Telling the story of Emmett Till

Tonight the Bijou gave a free showing of The Untold Story of Emmett Louis Till as part of the offerings to mark Human Rights Week here.

The film is a documentary about a black 14-year old boy from Chicago, Emmett Till, who went to Mississippi in the early nineteen-fifties to visit family. After walking out of a store, he whistled at a white woman whose husband tracked him down at his great-uncle's home that night. The husband and his friend took Emmett out into the night. A witness heard screams from a barn belonging to one of the men and saw one of them.

He was found three days later in a nearby river tied to a heavy machinery fan with barbed wire. After identification by his great-uncle, his body was put in a pine box and the sheriff ordered it buried. Back in Chicago, Emmett's mother pressured the Chicago authorities to stop the burial and have him brought back to Chicago. In one of the most memorable scenes, his mother tells how every part of his face had been mangled. The eyes: one missing, the other on his cheek. The bridge of his nose was broken and gashed. There were two teeth left. His tongue had been cut. They had used an axe and split the top of his head from side to side. Above his ear his head had been shot through. His mother insisted on an open casket, so that everyone could see. Film of the funeral shows people walking past the casket, then rushing outside where they faint with overwhelming disgust, anger, and sorrow onto rickety chairs set up outside the church.

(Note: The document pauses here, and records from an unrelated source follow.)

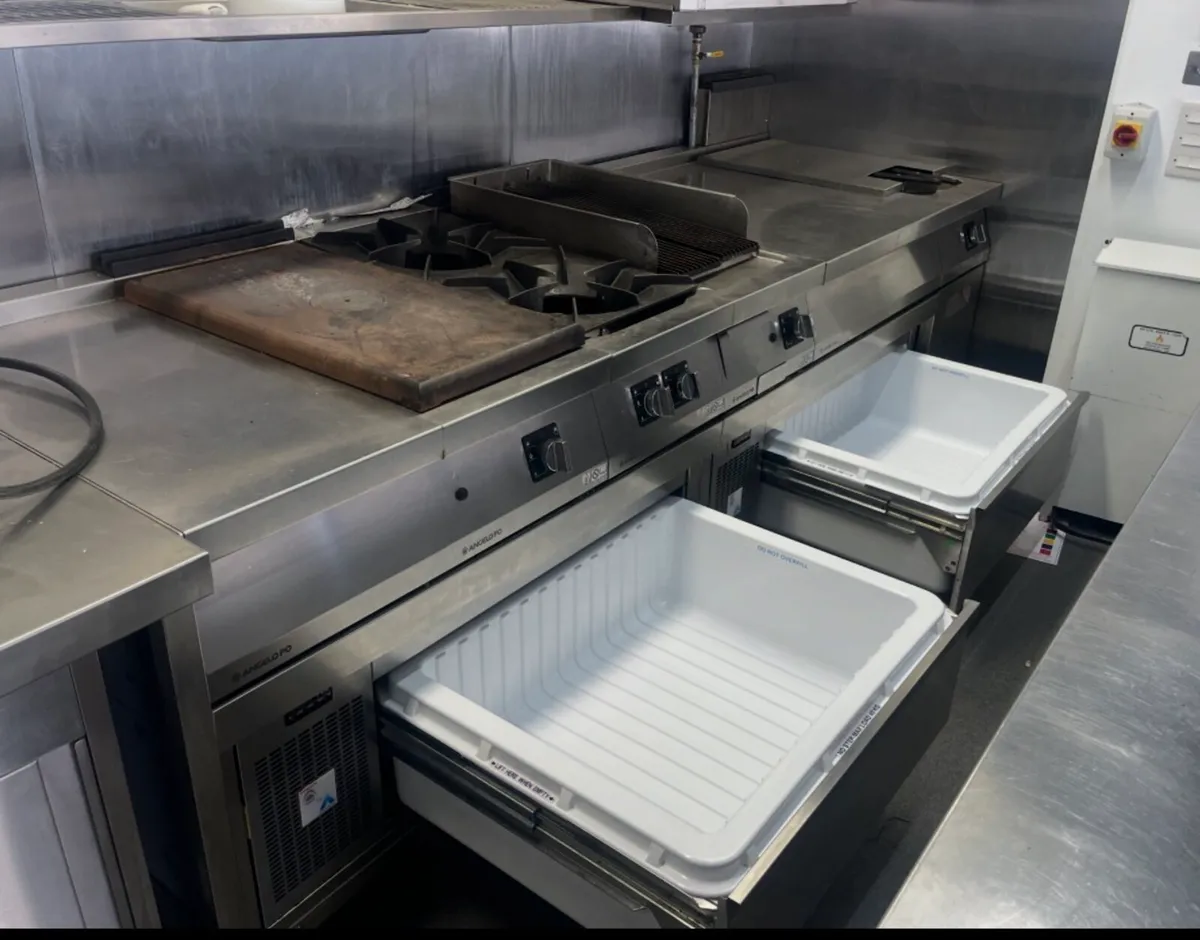 Commercial kitchen - Image 2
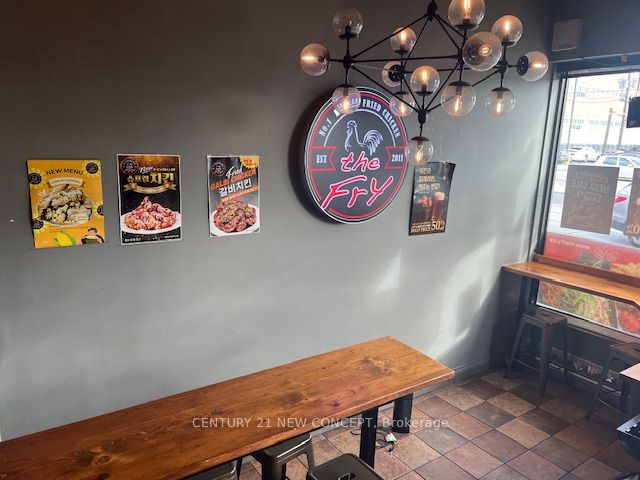 2285 Dundas Street W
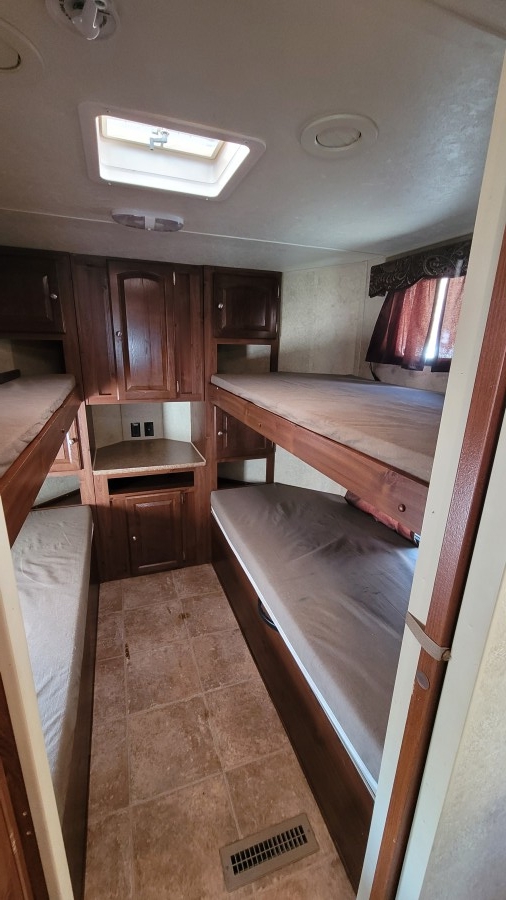 2013 Forest River RV Flagstaff 30WTBS 17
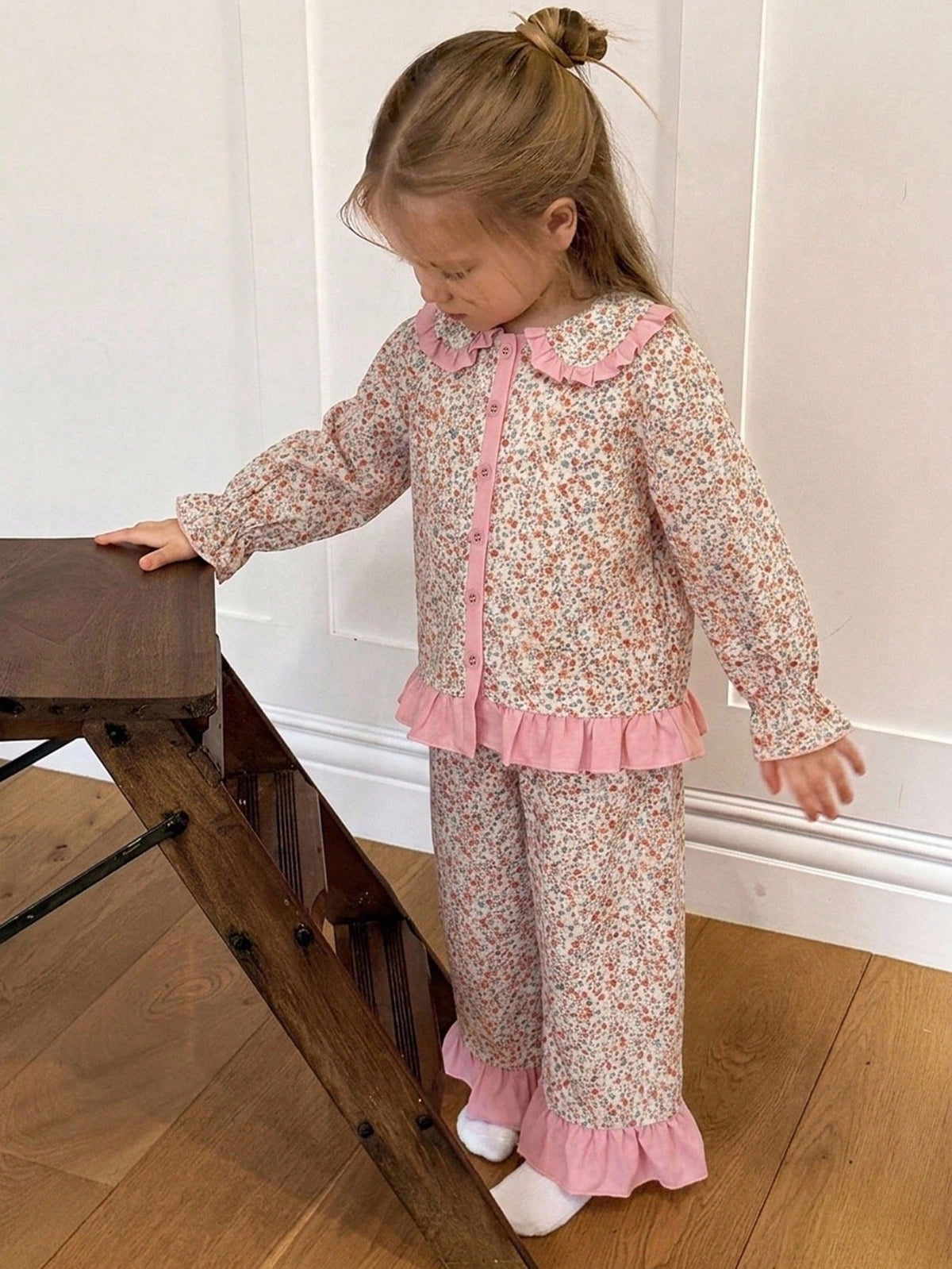 Young Girls' Heart Print Loungewear Set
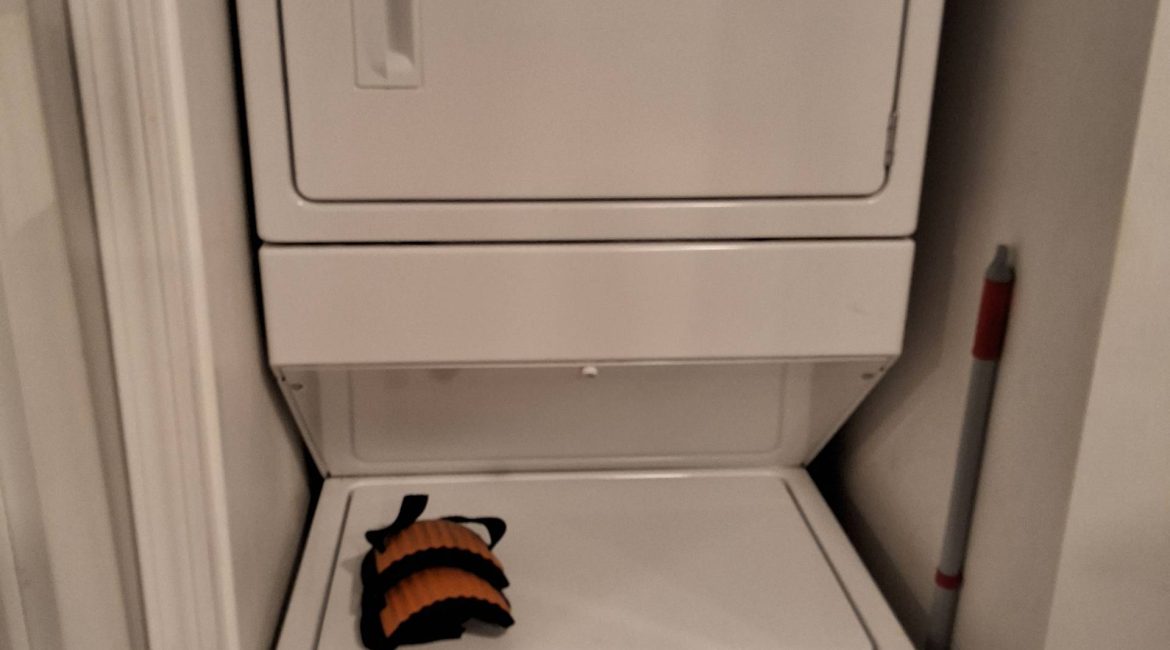 Washing Machine Makes a Burning Smell During Operation — What It Means and How to Respond 1 NCR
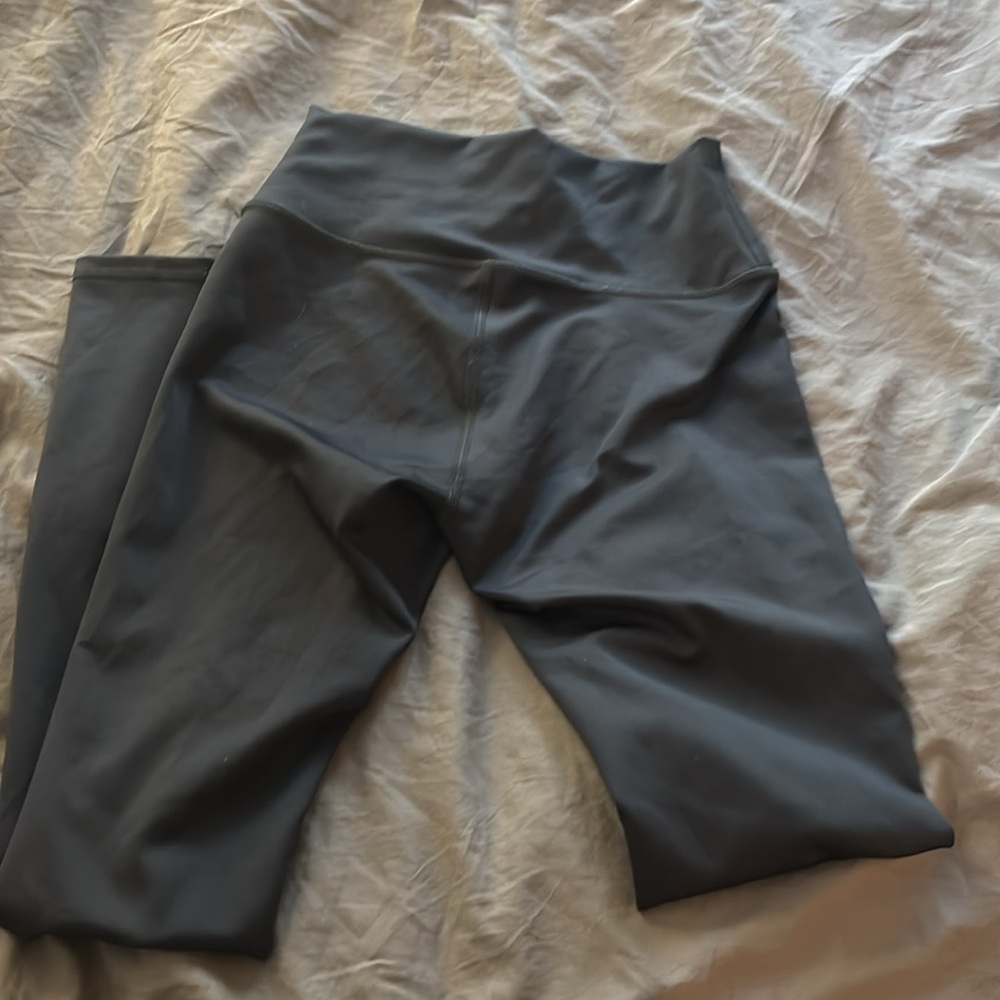 ALO Yoga Airlift Leggings - Picture 9 of 9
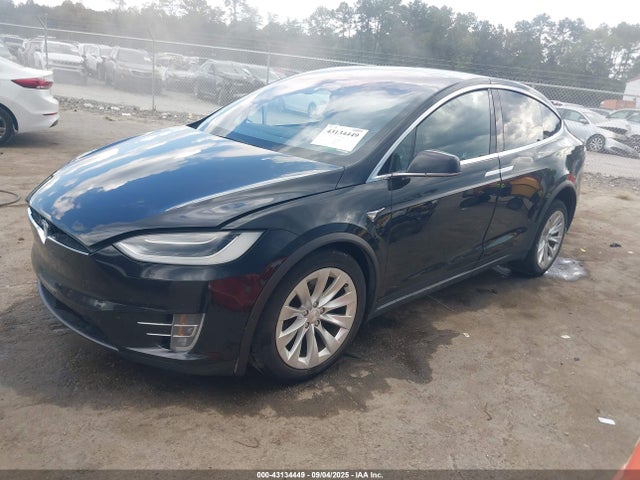 2017 TESLA MODEL X 5YJXCAE21HF052403 Photo 1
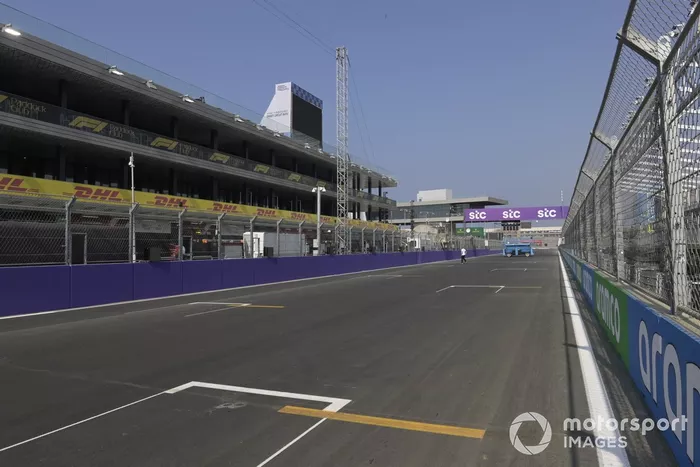 La recta principal del circuito de Yeda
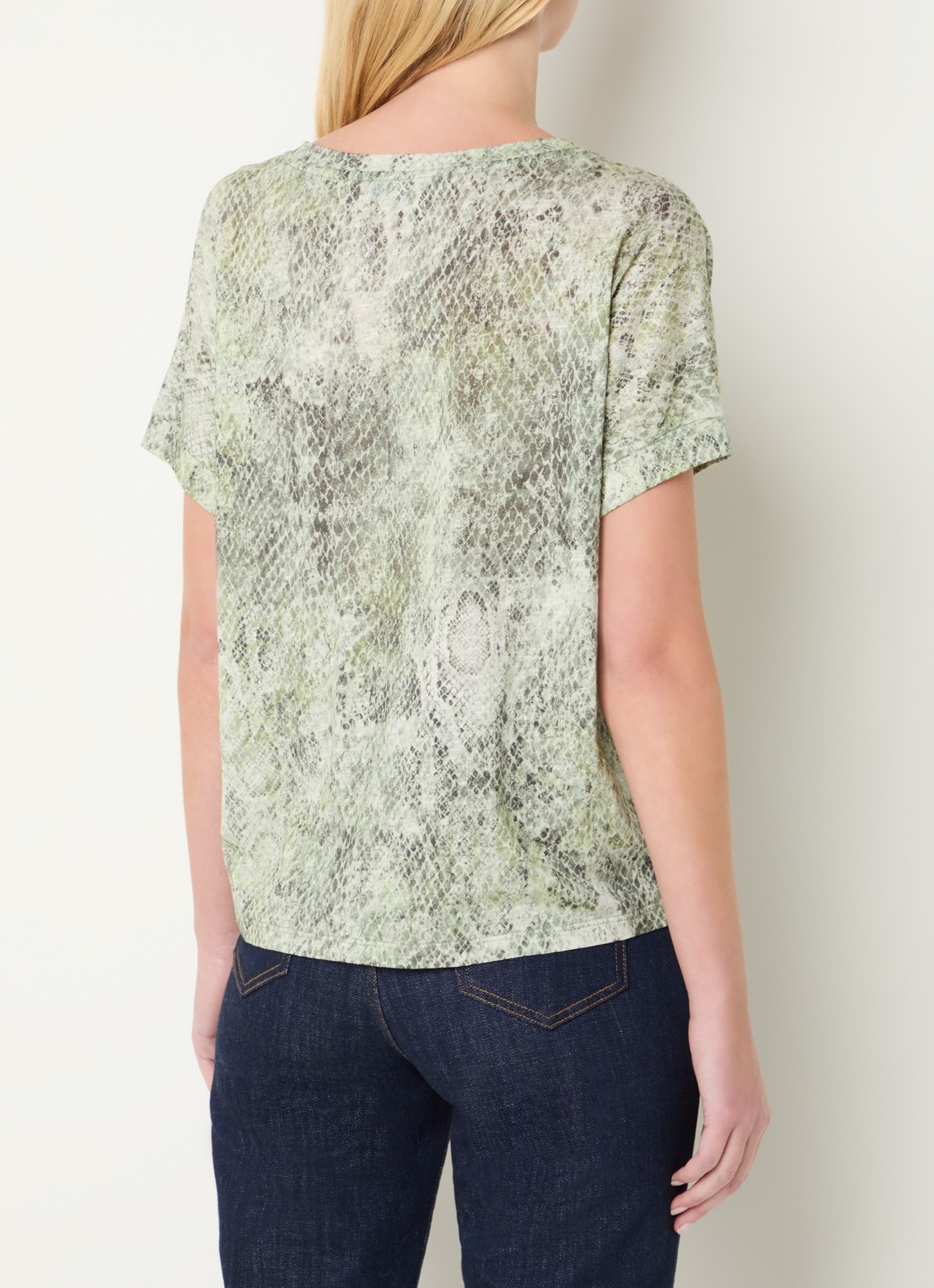 Gerard Darel Mariel T-shirt met slangenprint - achterkant groen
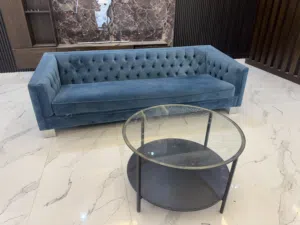 طاولة مع جلسه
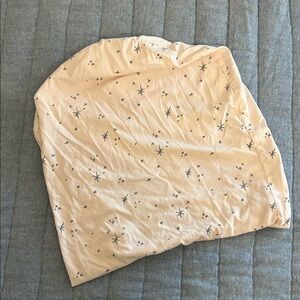 Happiest Baby Pink Star Sheet for Snoo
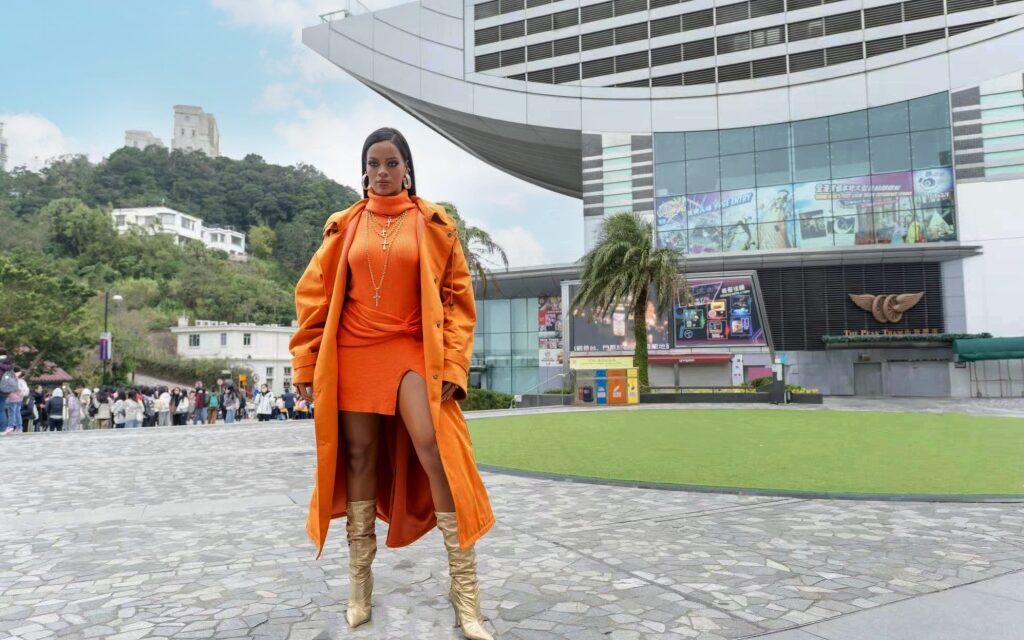 Ikon Mode Rihanna Melakukan Gerakan Dahsyat, Mengungkap Sensasi Mode Global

The men who took Emmett Till that night were cleared of both murder and, not even making it past the grand jury stage, of kidnapping. The lawyer for the defendants claims indignantly after the grand jury ruling, not that his clients were innocent all along, but that it was a result of the meddling of the NAACP in the internal affairs of Mississippi. Shortly thereafter the defendants confessed to a journalist for $4000 knowing they couldn't be tried again for the same crime[1].

But his death, and his mother's refusal to cloak the depravity of racial hatred beneath a casket lid, motivated the civil rights movement of the fifties which has led to where we are now. That generation's accomplishments are even more remarkable when I consider how quickly they happened. Emmett Till was killed in the mid fifties. Twenty-five years later I was born and in the space of another twenty-five years the country has progressed so much that the scenes in this film from fifty years ago are almost unrecognizable. There is still a great deal of work to be done and in some ways it's more mundane, more difficult, less dramatic, less rewarding job but it's good to know and see that people change the world for the better even within lifetimes.



[1] As a matter of law, I'm not sure why this would be so only for a grand jury ruling, but law may not have had much to do with it.